Marieke will investigate respiratory muscles in end-stage lung disease in the Re-MAP study, while Barbro will investigate if inhalable microplastics can contribute to the development of lung cancer.
In patients with chronic lung diseases, the role of respiratory muscle dysfunction has been underestimated. Also, current treatment options, like chronic NIV and lung transplantation (LTx), might also have deleterious effects on the respiratory muscles, and the mechanisms are poorly understood. Therefore in this exploratory study the objectives are to:
The study will be an exploratory observational cohort study following patients on the LTx waiting list during the waiting period and afterwards until they showed functional recovery of respiratory muscle function.

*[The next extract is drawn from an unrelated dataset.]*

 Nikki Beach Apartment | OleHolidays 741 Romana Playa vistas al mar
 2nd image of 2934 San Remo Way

We will assess clinical functioning of the respiratory muscles and relate and correlate these findings to in-vitro assessment of individual respiratory myofibers, individual myofiber functioning (strength, calcium sensitivity, myofiber characteristics) and extracellular matrix characteristics, which will be retrieved from biopsies taken during LTx surgery.

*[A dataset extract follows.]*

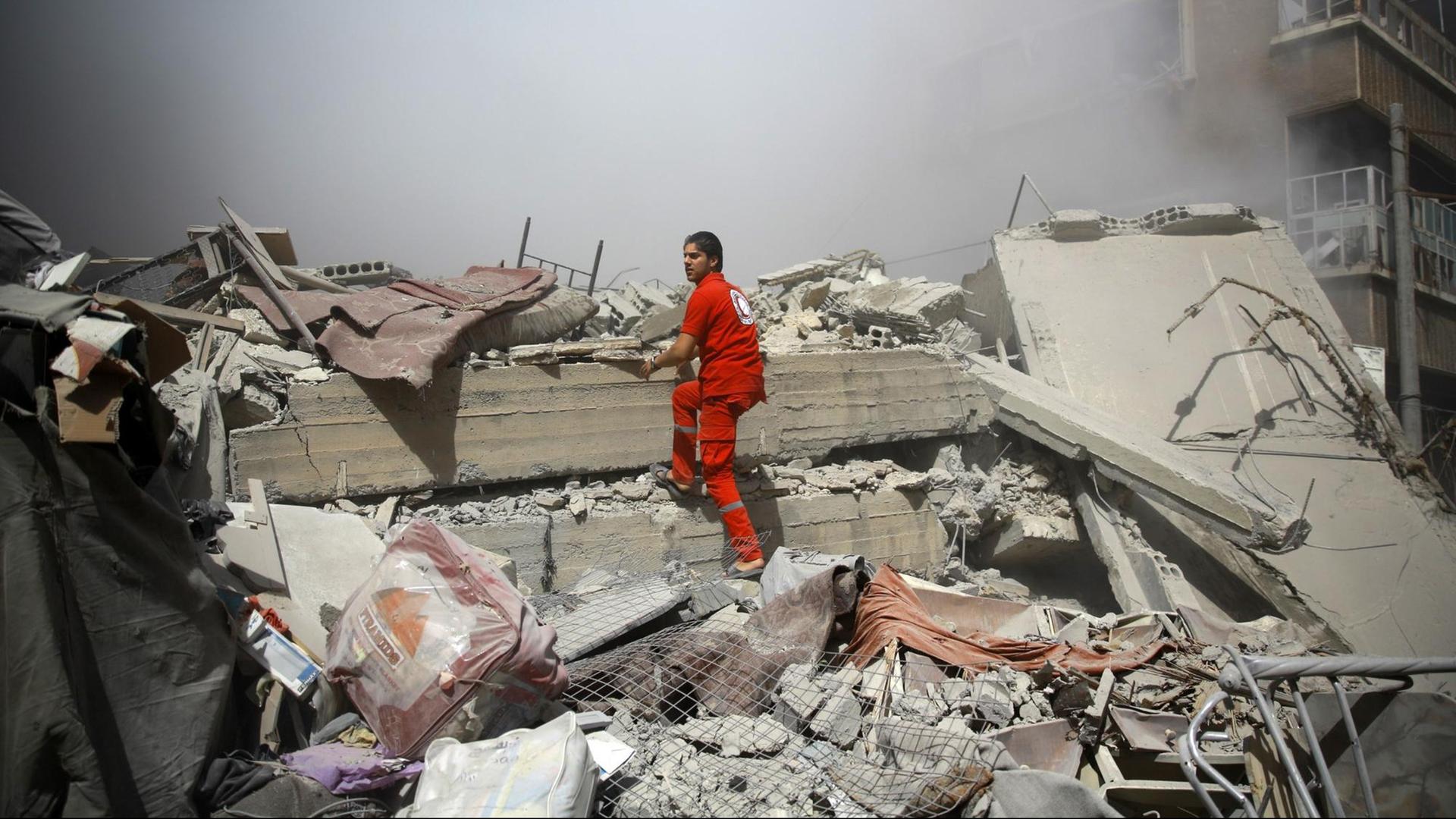 Ein Helfer des Roten Halbmondes in den Trümmern in Duma, nahe Damaskus, im August 2015.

The proposed collaboration of basic (AmsterdamUMC; UMCG) and clinical scientists (RadboudUMC; ErasmusMC; UMCG) offers a unique opportunity to combine non-invasive functional assessments of respiratory muscles with advanced pathophysiological analyses using tissue biopsies obtained from severe COPD patients during LTx.
Microplastic pollution is an urgent global health issue, permeating our oceans, air, soil, and even living organisms. These particles, typically smaller than 5 millimeters, arise from sources like synthetic textiles and degraded plastics and have become widespread environmental contaminants. Their minute size facilitates easy inhalation or ingestion, leading to potential exposure with serious health implications, particularly concerning lung health. Research has identified microplastics in human lung tissue and in both indoor and outdoor air, with higher concentrations indoors. The health risks are concerning as inhaling microplastics is linked to respiratory problems and lung cancer in industrial workers and could thus possibly contribute to cancerous nodule formation.
This research project aligns with the ZonMw Open Competitie program's goals by addressing the overlooked connection between environmental contaminants, such as microplastics, and lung cancer. Our multidisciplinary approach will investigate how microplastics may disrupt lung cell function and promote cancer, focusing on the interactions between epithelial and immune cells within the lung microenvironment. Using cutting-edge organoid models and in vivo systems, we will explore the epigenetic and functional changes triggered by microplastics, aiming to identify biomarkers and therapeutic targets. This could significantly influence public health policy and oncology treatment strategies.
Collaboration between the Melgert lab's (RUG) expertise in microplastics and lung cell biology, TNO’s expertise in and provision of well-characterised PVC and nylon particles, and the Prekovic lab's (UMCU) strength in omics and cancer biology provides a unique opportunity to uncover the cellular mechanisms by which microplastics may drive lung cancer development. By integrating these complementary fields, the project addresses ZonMw's emphasis on innovative research and tackles a critical but underfunded area of lung cancer influenced by environmental factors. The anticipated findings could open new avenues for understanding and mitigating the environmental drivers of lung cancer.